In the short term, fish populations are reduced, driving the boats to bomb other areas. In the long term, hundreds of miles of coral reefs become skeletons. Where once a diverse and productive marine ecosystem thrived, now a grey and barren graveyard lies. The coral’s calcium carbonate structures are dead, an incapable of regeneration. Thousands of years of mother nature’s underwater work, the building blocks of an ecosystem, destroyed.

 

Komodo National Park is a protected marine reserve, and recognised as a UNESCO World Heritage Site. Nevertheless there is fresh and indisputable evidence that dynamite fishing practices continue here.
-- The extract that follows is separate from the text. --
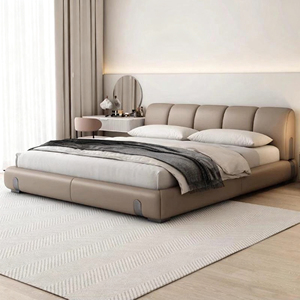 Hiện đại sang trọng bọc nền tảng giường với khung gỗ rắn cao cấp da phong cách thoải mái cho phòng ngủ chính Vua kích thước giường - Product Image 5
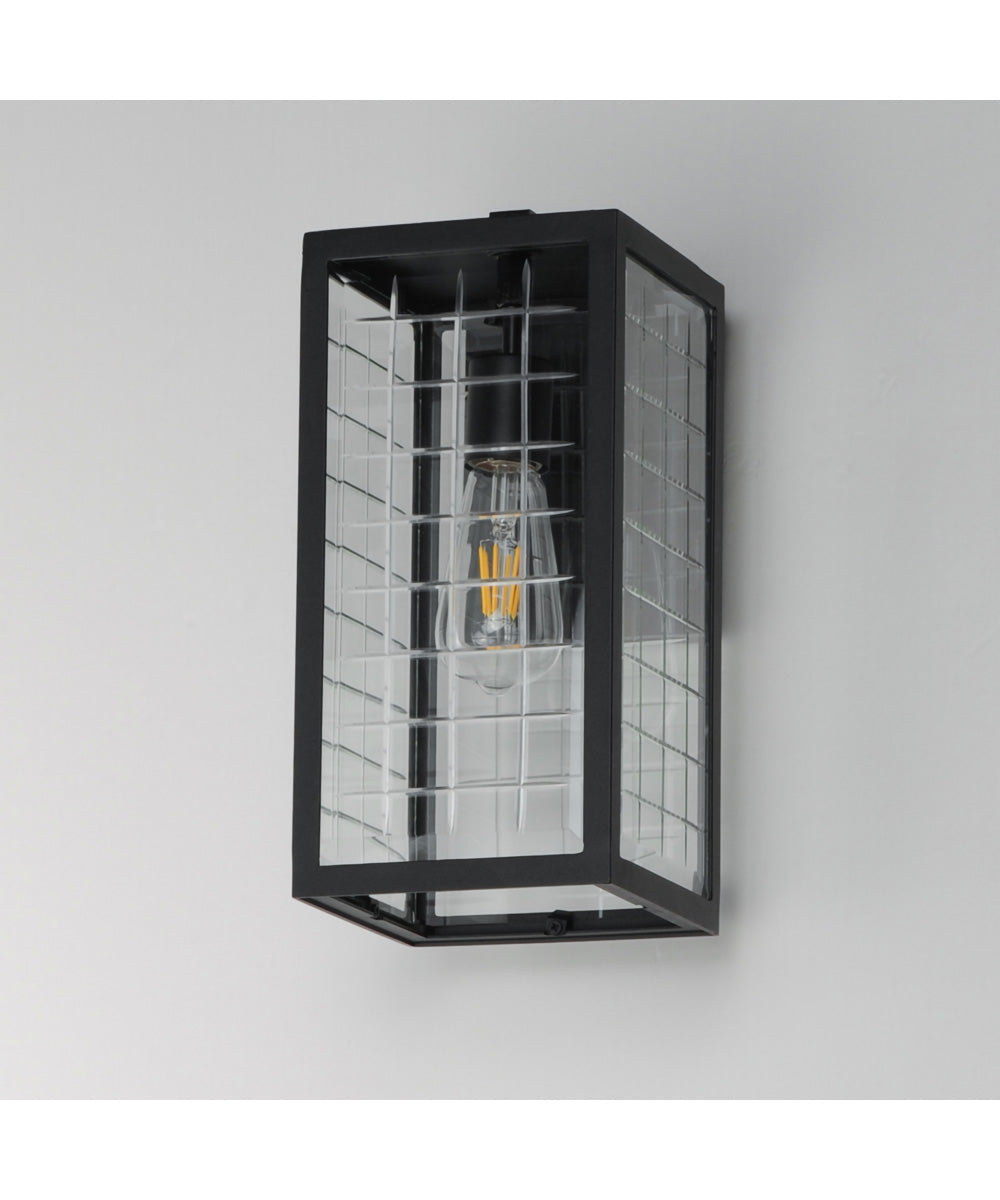 Magnus 1-Light Outdoor Wall Sconce Black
Some of Asia’s most spectacular dive sites have been irreparably damaged. If they can recover, it will not be during our life time, nor that of our children.

 

The Indonesian government has assumed complete responsibility for the protection of the Komodo National Marine Park. In the past, they had a co-operative agreement with the Conservation International group to monitor and implement measures critical to conserving the coral reefs in the area.

 

There is clearly a need to look into a better coordinated response to the dangers of dynamite fishing. Local communities should be protecting their reefs, not destroying them. The situation sadly seems to be getting worse in many areas, not better.